The decision draws heavily from the recent holding in the Tribune Company Fraudulent Conveyance Litigation, 499 B.R. 310 (S.D.N.Y. 2013) (Sullivan, J.), which also declined to extend the safe harbor protections of 546(e) to state law fraudulent transfer actions. The Lyondell and Tribunedecisions run counter to other recent decisions, including a decision in the SemGroup bankruptcy, in which the Court found that 546(e) preempts the state law claims. Both the Tribune decision and the SemGroup decision have been appealed to the Second Circuit and will be heard in the coming months.
After finding that the plain language of Section 546(e) does not apply to state law fraudulent transfer causes of action brought by individual creditors (as opposed to fraudulent transfer causes of action brought pursuant to the Bankruptcy Code on behalf of the bankruptcy estate), Judge Gerber dedicated a substantial portion of his decision to addressing, and ultimately rejecting, the shareholders’ argument that federal bankruptcy law in general, and Section 546(e) of the Bankruptcy Code in particular, preempts state fraudulent transfer law.
Judge Gerber analyzed the legislative history and rationale underpinning Section 546(e) of the Bankruptcy Code. Echoing the Tribune decision, Judge Gerber noted that although the main purpose of Section 546(e) is to protect the stability of the nation’s financial markets by containing a “ripple effect” caused by the insolvency of one securities firm spreading to another, this primary purpose is only one of many competing concerns in federal bankruptcy law. Judge Gerber found that there was no subject matter preemption in this area of the law because the state and federal fraudulent transfer statutes had coexisted for centuries, and Section 544 of the Bankruptcy Code explicitly recognizes and incorporates the state law causes of action. Further, the Court found that there was no conflict preemption in this area either. Congress was well aware of the state law fraudulent transfer laws and chose not to expressly preempt them with respect to Section 546(e). Indeed, Congress had done so in connection with charitable contributions, so it would certainly have been possible if Congress so intended, according to Judge Gerber.
Although the Court found that 546(e) did not protect the defendants from the state law causes of action alleged by the Lyondell Creditor Trust, the decision contained several rulings in the defendants’ favor, including a ruling that the Creditor Trust could not assert claims on behalf of the LBO lenders who were also creditors, since those parties had “ratified” the transaction. This ruling may substantially reduce the amount of money the Creditor Trust ultimately recovers from Lyondell shareholders if the Creditor Trust ultimately prevails.

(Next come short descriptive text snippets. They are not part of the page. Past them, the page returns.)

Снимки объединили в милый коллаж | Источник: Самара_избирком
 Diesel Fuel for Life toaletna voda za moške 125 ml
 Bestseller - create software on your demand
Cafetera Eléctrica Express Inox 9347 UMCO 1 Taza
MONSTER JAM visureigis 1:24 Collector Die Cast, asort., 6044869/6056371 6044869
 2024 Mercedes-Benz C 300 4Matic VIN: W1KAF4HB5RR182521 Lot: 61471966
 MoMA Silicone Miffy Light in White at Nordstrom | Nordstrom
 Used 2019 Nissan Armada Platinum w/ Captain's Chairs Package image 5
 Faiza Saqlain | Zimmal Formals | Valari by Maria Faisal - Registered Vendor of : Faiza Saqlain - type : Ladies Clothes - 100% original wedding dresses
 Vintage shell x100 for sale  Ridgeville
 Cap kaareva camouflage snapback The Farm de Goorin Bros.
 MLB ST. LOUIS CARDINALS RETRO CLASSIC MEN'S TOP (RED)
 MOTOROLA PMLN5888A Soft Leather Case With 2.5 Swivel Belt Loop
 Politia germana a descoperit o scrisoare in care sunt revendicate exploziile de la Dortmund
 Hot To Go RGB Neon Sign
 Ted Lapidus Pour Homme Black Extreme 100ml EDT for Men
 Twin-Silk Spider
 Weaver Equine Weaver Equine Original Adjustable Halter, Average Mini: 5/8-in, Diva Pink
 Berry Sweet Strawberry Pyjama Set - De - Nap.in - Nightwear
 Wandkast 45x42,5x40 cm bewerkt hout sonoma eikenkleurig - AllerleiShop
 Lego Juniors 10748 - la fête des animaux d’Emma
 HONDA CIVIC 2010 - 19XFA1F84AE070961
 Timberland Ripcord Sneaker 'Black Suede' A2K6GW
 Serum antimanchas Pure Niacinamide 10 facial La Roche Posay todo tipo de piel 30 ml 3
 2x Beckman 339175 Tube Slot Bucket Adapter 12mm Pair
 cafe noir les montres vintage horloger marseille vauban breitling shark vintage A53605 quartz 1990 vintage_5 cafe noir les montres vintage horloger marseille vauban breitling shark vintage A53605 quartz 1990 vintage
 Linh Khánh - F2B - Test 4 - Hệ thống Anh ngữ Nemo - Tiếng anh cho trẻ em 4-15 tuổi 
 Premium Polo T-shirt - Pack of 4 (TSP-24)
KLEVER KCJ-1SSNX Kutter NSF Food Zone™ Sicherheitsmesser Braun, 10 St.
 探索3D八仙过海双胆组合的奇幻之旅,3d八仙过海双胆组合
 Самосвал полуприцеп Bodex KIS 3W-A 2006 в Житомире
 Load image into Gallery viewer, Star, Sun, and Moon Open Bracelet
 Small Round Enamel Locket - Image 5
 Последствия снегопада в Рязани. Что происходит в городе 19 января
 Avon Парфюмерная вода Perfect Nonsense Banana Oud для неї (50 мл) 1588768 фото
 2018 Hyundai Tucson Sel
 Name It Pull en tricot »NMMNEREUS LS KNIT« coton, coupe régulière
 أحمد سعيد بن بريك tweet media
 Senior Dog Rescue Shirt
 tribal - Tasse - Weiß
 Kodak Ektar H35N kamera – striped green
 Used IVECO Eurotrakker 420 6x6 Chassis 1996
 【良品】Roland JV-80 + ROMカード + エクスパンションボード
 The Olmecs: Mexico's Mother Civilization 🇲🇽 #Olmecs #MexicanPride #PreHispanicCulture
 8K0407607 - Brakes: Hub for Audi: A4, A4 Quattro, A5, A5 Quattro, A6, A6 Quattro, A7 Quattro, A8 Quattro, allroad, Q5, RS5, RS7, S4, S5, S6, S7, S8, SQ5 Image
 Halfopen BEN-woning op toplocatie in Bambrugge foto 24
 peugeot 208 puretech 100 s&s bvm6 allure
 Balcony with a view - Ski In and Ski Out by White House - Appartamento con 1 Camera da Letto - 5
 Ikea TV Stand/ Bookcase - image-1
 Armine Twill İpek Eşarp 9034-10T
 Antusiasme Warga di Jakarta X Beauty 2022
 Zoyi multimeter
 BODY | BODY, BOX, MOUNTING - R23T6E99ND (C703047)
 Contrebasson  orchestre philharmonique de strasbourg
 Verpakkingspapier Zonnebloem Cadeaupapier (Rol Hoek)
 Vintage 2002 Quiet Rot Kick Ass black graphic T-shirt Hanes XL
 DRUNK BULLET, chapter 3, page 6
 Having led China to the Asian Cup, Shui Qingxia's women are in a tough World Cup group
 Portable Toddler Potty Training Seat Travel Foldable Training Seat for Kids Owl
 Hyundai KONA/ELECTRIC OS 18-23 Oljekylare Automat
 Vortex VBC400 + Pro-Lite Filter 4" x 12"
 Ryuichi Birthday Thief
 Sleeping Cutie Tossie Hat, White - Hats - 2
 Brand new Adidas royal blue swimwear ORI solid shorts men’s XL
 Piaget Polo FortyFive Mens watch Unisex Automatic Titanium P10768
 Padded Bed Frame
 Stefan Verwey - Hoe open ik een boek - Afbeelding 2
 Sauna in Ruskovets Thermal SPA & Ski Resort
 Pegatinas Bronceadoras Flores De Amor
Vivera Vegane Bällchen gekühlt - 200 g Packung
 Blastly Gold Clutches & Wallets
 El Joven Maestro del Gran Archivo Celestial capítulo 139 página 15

The Lyondell litigation remains in its early stages as the parties assess the impact of Judge Gerber’s decision on the motion to dismiss. In the interim, the Second Circuit will soon consider appeals brought in two cases involving the application of Section 546(e) to protect shareholders from actions brought by creditors under state law. The parties in the Lyondell Creditor Trust litigation will be watching the Second Circuit closely as it considers this important issue, which will no doubt impact the outcome in Lyondell.